Lecture 1. Angular momentum of a rigid body
Angular momentum of a rigid body
The angular momentum is always calculated with respect to some fixed point. The fixed point can be taken as the origin of a reference system. For a continuous distribution of mass (not necessarily a rigid body), we can write the expression for the angular momentum as the integral
\begin{equation}
\vec{L}=\int\vec{r}\times\vec{v}\ dm\ .
\end{equation}
In the case of a rigid body in rotation about an axis, we can take any point on the rotation axis as the origin of the reference system .
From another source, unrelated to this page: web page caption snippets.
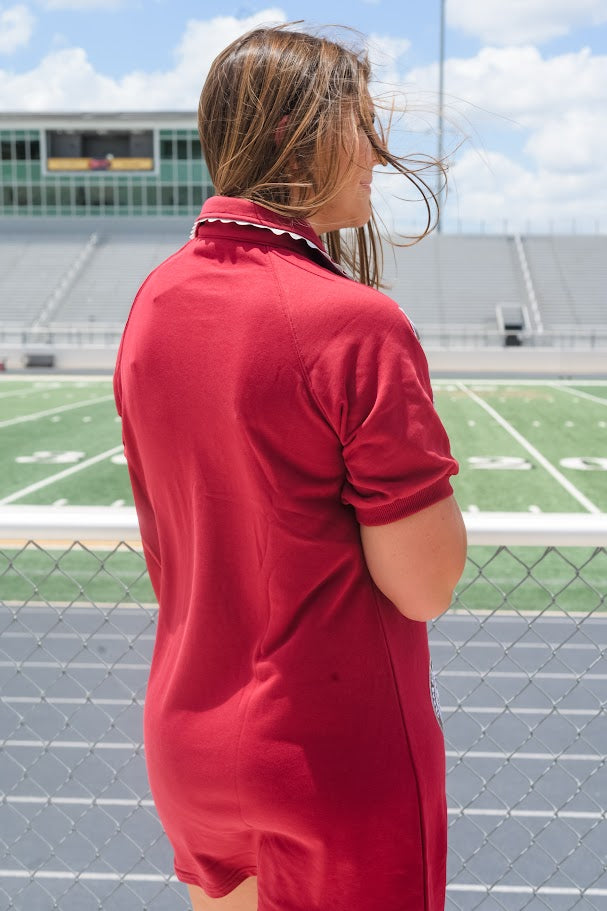 Texas A&M Logo Patch Dress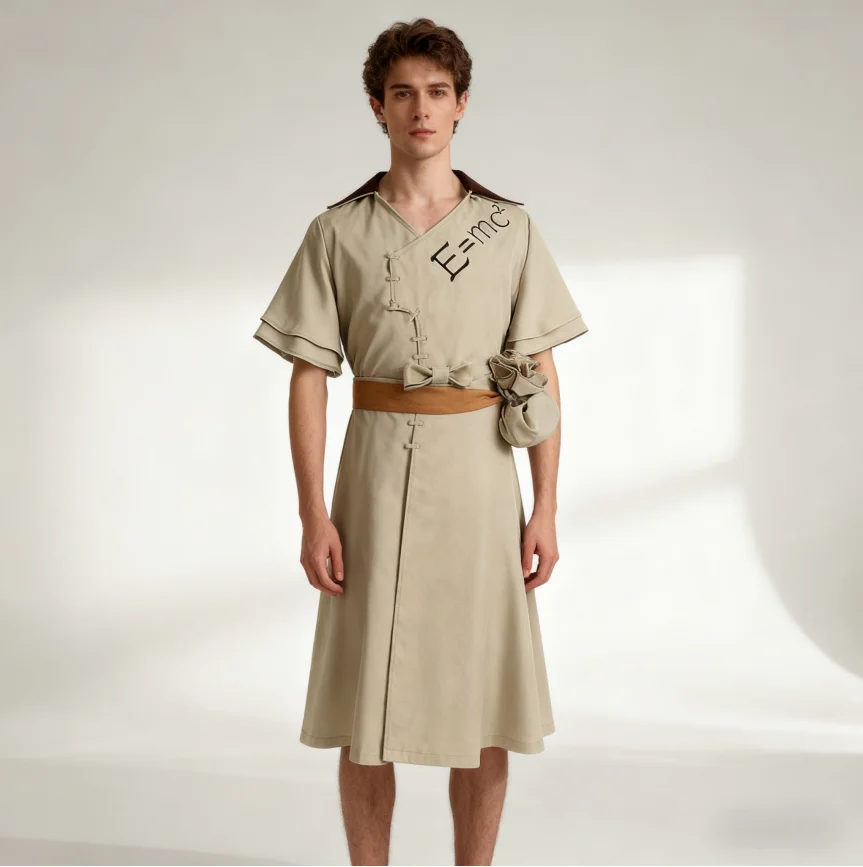 

Anime Dr.STONE role-playing Ishigami Senkuu cosplay costume accessories Comic convention party Halloween costume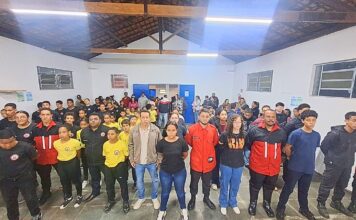 Bocaina ganha Sala de Apoio da Brigada de Ouro Preto com atendimento pré-hospitalar Bocaina ganha Sala de Apoio da Brigada de Ouro Preto com atendimento pré-hospitalar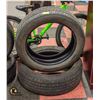 Image 1 : TWO 235/55/R20 M&S TIRES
Every point of the rotating rigid body preserves its distance to the rotation axis and rotates with the same angular velocity \(\vec{\omega}\). The rotation axis itself can be in motion either translational (as in the case of a yoyo) or rotational (as in the case of a spinning top), or both.
The angular velocity vector is directed along the rotation axis according with the right hand rule.
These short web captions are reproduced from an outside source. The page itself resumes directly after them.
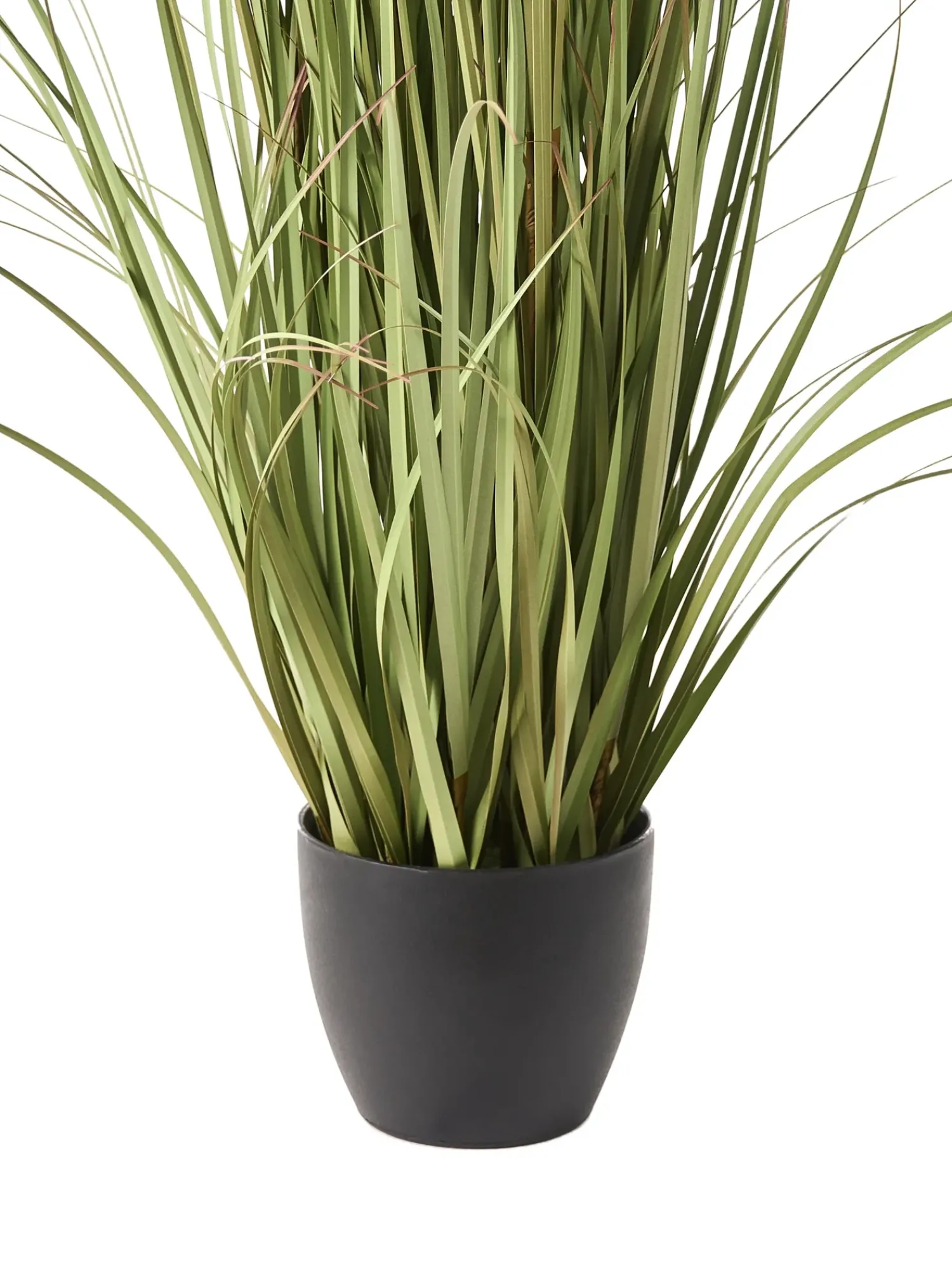 Best Beliani Pianta artificiale POMPOM GRASS 120 cm Verde Verde Nero Rosa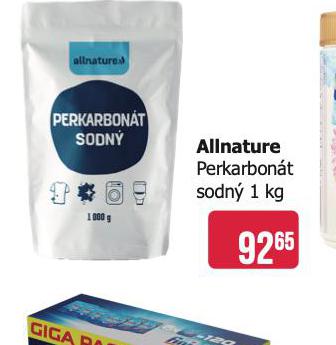 ALLNATURE PERKARBONT SODN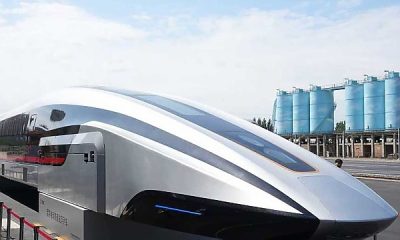 China Unveils 600km/h Maglev Train That Could Slash Travelling Time Between Beijing-Shanghai By 2 Hours - autojosh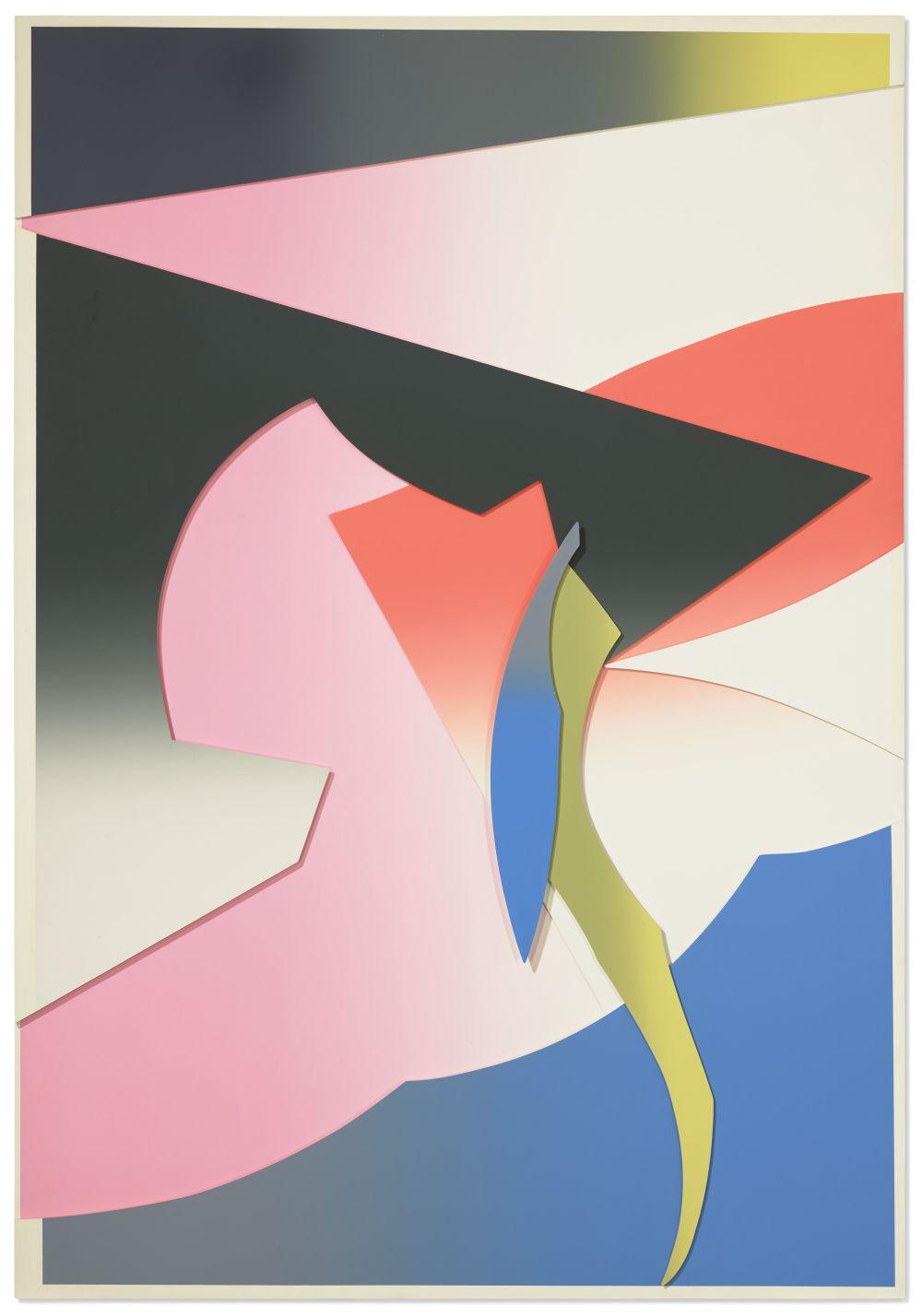 Carlos Amorales comparable auction result: carlos amorales b 1970 el esplendor geom trico 9 silkscreen ink on woo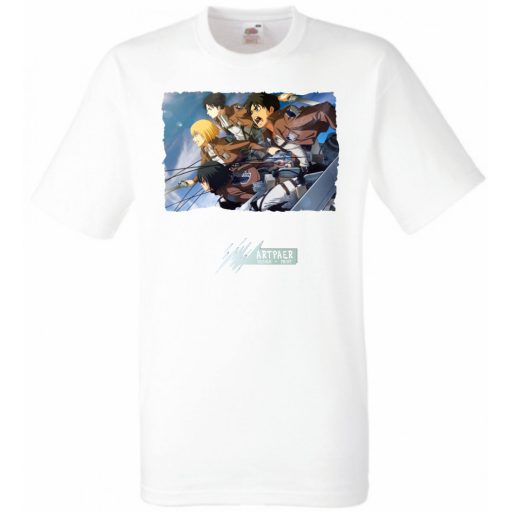 Anime fan Attack On Titan /D - gyerek rövid ujjú póló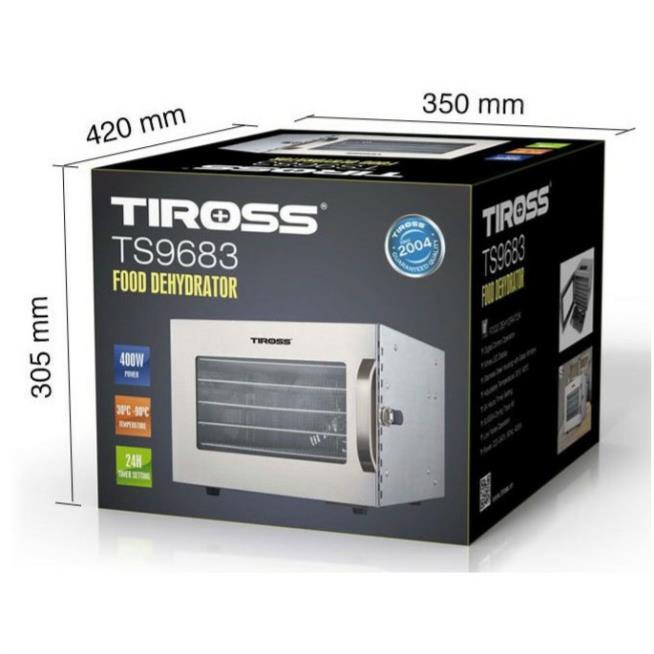 Máy sấy hoa quả, thực phẩm Tiross TS9683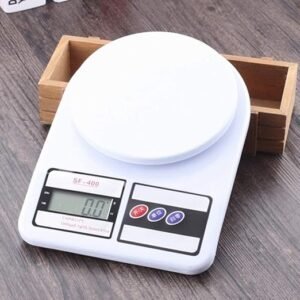 10kg Digital Kitchen Scale – Backlit LCD, for Food & Spices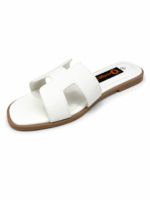 Simple Flat Slide Sandals - Image 5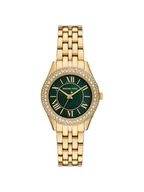 Zegarki męskie - Michael Kors Zegarek Harlowe MK4870 Złoty - miniaturka - grafika 1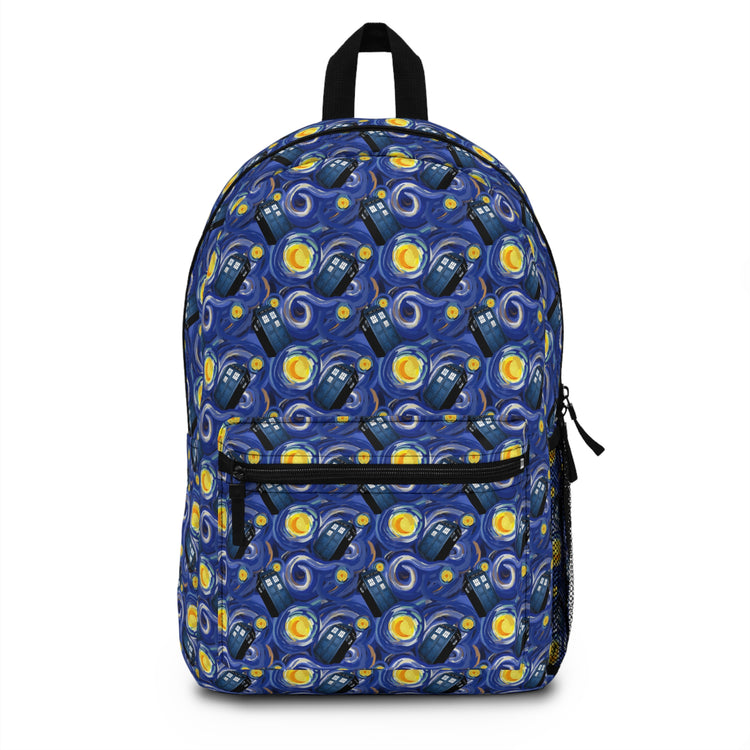 Tardis Night Backpack - Fandom-Made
The linear velocity \(\vec{v}\) of every element of mass comes from the rotational motion around the axis and depends on its distance to it. Thus, for rotational motion around an axis, the linear velocity is given by
\begin{equation}
\vec{v}=\vec{\omega}\times\vec{r}\ ,
\end{equation}
and consequently, the angular momentum of a rotating rigid body takes the special form
\begin{equation}
\vec{L}=\int\vec{r}\times(\vec{\omega}\times\vec{r})\ dm\ .
\end{equation}
For a rigid body the angular velocity \(\vec{\omega}\) is necessarily the same for each mass element \(dm\).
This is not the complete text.